Thomas:         Wow.  Brutal.

Andrew:         I wanted to concede with you, this is another one that I would’ve gotten wrong.

Thomas:         Alright.

Andrew:         Because what you’re trying to do is work backwards in the unlikely event-

Thomas:         Mm-hmm.

Andrew:         -that the court finds for the landlord it would say that the reason is because the suit against the landlord will be unsuccessful because the jurisdiction follows – and I’m going to insert the phrase here – the minority view.  It’s gotta be an extreme minority view.

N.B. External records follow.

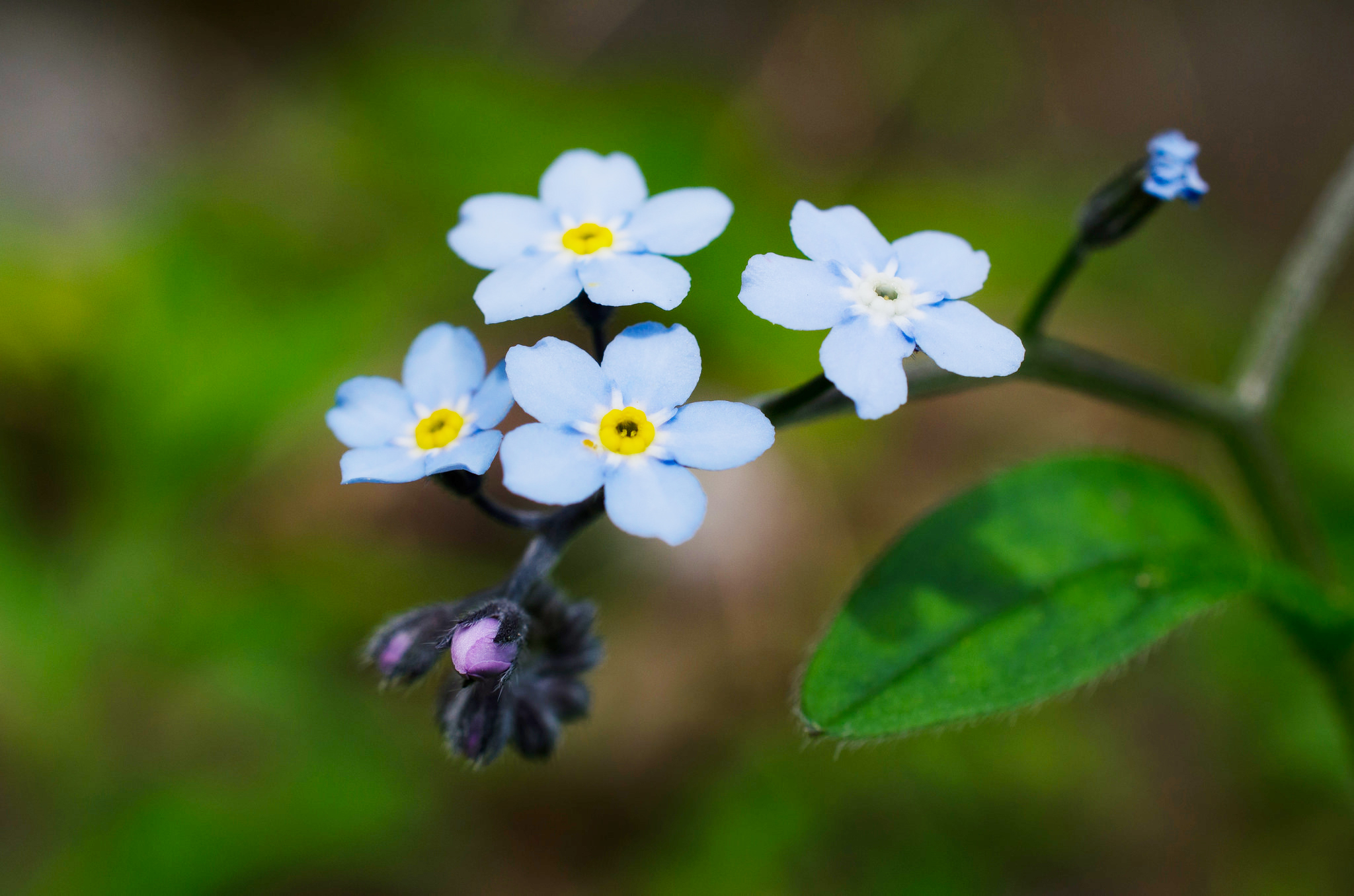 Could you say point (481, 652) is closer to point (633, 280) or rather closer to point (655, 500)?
point (655, 500)

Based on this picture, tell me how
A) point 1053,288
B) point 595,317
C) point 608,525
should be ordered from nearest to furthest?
1. point 595,317
2. point 1053,288
3. point 608,525

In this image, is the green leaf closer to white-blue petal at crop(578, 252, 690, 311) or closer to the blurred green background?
white-blue petal at crop(578, 252, 690, 311)

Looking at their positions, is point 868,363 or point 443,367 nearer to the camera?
point 868,363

But because the jurisdiction follows the view that the landlord need deliver only legal possession to the tenant and not also actual possession on the first day of the lease term.  I don’t remember that principle from law school at all, it’s clearly one of those things you memorize in studying for the bar.

Thomas:         God, that doesn’t even make any sense though.

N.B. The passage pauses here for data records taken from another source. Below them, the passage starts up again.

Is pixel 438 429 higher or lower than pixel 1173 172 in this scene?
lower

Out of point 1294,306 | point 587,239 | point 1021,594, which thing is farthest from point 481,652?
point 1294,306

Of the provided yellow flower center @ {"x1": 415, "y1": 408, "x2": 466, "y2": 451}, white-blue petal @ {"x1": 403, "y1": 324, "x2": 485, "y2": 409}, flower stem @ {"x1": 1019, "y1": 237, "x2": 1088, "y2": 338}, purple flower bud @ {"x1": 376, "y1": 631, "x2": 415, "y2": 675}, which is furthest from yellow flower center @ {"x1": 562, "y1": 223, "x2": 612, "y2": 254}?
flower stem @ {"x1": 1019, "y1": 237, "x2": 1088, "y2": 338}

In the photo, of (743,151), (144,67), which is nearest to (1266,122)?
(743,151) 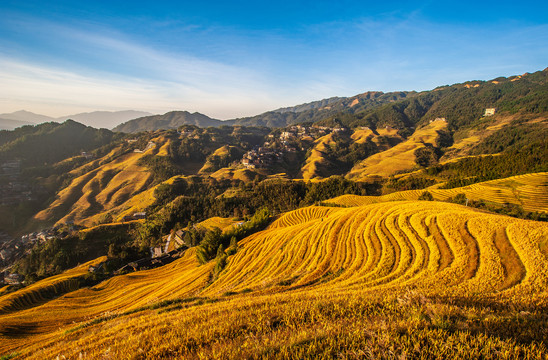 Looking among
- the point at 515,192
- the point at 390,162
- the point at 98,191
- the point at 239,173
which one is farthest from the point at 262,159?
the point at 515,192

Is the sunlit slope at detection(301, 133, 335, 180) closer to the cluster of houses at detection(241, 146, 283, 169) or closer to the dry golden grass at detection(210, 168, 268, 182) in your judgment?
the cluster of houses at detection(241, 146, 283, 169)

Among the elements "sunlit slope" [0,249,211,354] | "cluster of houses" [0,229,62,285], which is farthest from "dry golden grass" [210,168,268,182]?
"sunlit slope" [0,249,211,354]

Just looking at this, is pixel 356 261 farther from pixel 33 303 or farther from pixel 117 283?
pixel 33 303

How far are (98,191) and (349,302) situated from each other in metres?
165

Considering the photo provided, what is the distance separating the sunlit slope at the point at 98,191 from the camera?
377 ft

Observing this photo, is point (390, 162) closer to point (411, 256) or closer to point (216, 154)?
point (216, 154)

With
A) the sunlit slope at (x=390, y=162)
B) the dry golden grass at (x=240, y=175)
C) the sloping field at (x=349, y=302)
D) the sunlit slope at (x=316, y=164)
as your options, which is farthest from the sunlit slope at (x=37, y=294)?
the sunlit slope at (x=316, y=164)

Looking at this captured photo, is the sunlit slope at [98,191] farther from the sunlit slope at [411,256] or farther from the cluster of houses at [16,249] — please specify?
the sunlit slope at [411,256]

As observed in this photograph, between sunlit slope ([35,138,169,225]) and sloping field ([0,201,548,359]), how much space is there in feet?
358

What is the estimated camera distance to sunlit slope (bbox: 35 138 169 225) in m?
115

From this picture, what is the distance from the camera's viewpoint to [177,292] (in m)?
23.1

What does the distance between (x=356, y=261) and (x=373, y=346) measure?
14.7 m

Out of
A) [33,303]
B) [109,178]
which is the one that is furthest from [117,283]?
[109,178]

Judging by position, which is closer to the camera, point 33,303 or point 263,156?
point 33,303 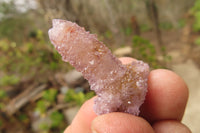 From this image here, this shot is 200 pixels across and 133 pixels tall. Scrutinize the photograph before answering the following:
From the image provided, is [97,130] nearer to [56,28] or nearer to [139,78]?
[139,78]

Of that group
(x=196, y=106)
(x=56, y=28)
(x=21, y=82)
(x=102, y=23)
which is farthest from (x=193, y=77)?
(x=102, y=23)

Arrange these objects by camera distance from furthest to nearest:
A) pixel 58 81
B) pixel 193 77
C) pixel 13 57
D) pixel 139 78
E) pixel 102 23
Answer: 1. pixel 102 23
2. pixel 13 57
3. pixel 58 81
4. pixel 193 77
5. pixel 139 78

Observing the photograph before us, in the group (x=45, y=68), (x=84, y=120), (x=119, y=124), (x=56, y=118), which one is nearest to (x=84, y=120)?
(x=84, y=120)

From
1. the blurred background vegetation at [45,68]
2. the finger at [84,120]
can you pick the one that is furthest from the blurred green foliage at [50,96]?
the finger at [84,120]

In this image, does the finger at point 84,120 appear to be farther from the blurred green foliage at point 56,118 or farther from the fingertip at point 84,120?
the blurred green foliage at point 56,118

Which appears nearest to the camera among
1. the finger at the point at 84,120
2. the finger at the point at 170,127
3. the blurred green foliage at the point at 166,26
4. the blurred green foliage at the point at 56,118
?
the finger at the point at 170,127

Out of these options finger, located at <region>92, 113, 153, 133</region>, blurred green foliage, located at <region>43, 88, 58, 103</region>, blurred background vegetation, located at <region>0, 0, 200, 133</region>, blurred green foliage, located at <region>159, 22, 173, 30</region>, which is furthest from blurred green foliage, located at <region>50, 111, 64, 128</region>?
blurred green foliage, located at <region>159, 22, 173, 30</region>

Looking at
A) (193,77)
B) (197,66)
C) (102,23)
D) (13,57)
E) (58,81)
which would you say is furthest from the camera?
(102,23)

Andrew:         And the way to remember that is, you know, this is 13th Century Saxony law, so clearly at some point in time the landlord’s responsibility was just to deliver legal title to you whether you could practically get it or not.

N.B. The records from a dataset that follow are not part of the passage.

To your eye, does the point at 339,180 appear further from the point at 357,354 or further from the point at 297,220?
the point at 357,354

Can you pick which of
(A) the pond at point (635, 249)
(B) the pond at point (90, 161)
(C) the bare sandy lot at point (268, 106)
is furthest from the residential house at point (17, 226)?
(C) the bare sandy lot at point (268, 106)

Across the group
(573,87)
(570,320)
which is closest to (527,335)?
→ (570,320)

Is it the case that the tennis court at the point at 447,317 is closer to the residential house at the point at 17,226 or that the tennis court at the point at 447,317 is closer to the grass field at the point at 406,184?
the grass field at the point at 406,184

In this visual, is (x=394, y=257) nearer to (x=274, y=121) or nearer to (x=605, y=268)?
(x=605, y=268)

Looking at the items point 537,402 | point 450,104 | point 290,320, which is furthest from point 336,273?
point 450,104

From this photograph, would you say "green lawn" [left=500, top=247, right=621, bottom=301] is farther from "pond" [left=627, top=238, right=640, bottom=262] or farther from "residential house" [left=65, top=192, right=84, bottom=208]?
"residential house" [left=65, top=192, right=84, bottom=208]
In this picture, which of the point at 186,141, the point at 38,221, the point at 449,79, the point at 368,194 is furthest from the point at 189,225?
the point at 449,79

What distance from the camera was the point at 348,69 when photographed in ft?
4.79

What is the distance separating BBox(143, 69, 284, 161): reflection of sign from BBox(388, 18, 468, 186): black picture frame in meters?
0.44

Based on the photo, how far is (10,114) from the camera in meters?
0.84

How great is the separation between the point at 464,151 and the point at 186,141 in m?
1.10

Thomas:         Then you can like challenge whoever’s there to a duel.  It was your responsibility to… [Laughs]  If there’s somebody squatting in the premises you have to swordfight them because it’s 13th Century Saxony.

Andrew:         Yup, yup!  So the bar prep materials say “The landlord granted the legal right of possession to the tenant, which means that neither the landlord nor anyone holding of the landlord prevented the tenant from going into possession at the commencement of the lease term.  The previous tenant’s lease term had ended before the new lease term began.  The previous tenant then became a trespasser and was not holding of the landlord.”  So the way that I put that together is, again, if this were 1274 you would sue the tenant and also have to sue the tenant for the damages.

Thomas:         Yeah.

Andrew:         So you can sue the tenant to possess and also be like, dude, you’re trespassing on my premises.

Thomas:         That’s funny because I said that same thing for A, though. 

Andrew:         Yeah.

Thomas:         For the answer A, I was like … yeah.

Andrew:         Yeah.  But as it turns out, most jurisdictions – I have to think almost all jurisdictions now – shift that burden appropriately to the landlord.

Thomas:         Yeah.

Andrew:         Right?  And say you have to deliver not just legal title but actual possession.

Thomas:         Yeah, you gotta check that your thing is inhabitable I would think.  That’s weird.  Those questions sucked.

Andrew:         But apparently some jurisdictions you don’t.

Thomas:         So that’s just testing the knowledge that-

Andrew:         I would have gotten this wrong too.

Thomas:         -in some places the law is whacky?  Alright, fine.

Andrew:         Yeah, exactly right.

Thomas:         Fine, you win bar.  Alright that answers the question whether or not this was just gonna be the straightforward, easy source.

Andrew:         [Laughs]  Yeah!  I like how you extrapolated from one question, you’re like “pfft, I’m gonna get 95 of these!”  [Laughs]  

Thomas:         Yup!  It quickly, quickly dispelled that notion, so there you have it.  Alright, well I lost!

Andrew:         Well we’ll see how we do on question 3. 

Thomas:         Let’s hop in the time machine and find out who our big winner this week is!

[Segment Intro]

Andrew:         Alright Thomas, well as befitting this difficult question almost nobody got it right.  A handful of people – I actually thought we were going to have to award out the never ending fame and fortune among the handful of people who sent us messages like “I wasn’t paying attention to the question but I’m gonna go with B” or “I haven’t listened to T3BE yet but I’m gonna guess B,” but there was one person who transcended total dart throwing monkeydom, and that was Josh Hoku, that is @JoshuaHoku on Twitter, who writes “B, because common law is weird.”  Yeah!  Common law is weird, and congratulations Josh, you got this week’s insanely hard T3BE correct and enjoy your never ending fame and fortune!  Everyone give @JoshuaHoku a follow on Twitter.

[Segment Outro]

Thomas:         Alright, thanks so much for listening everybody!  We will see you on Friday.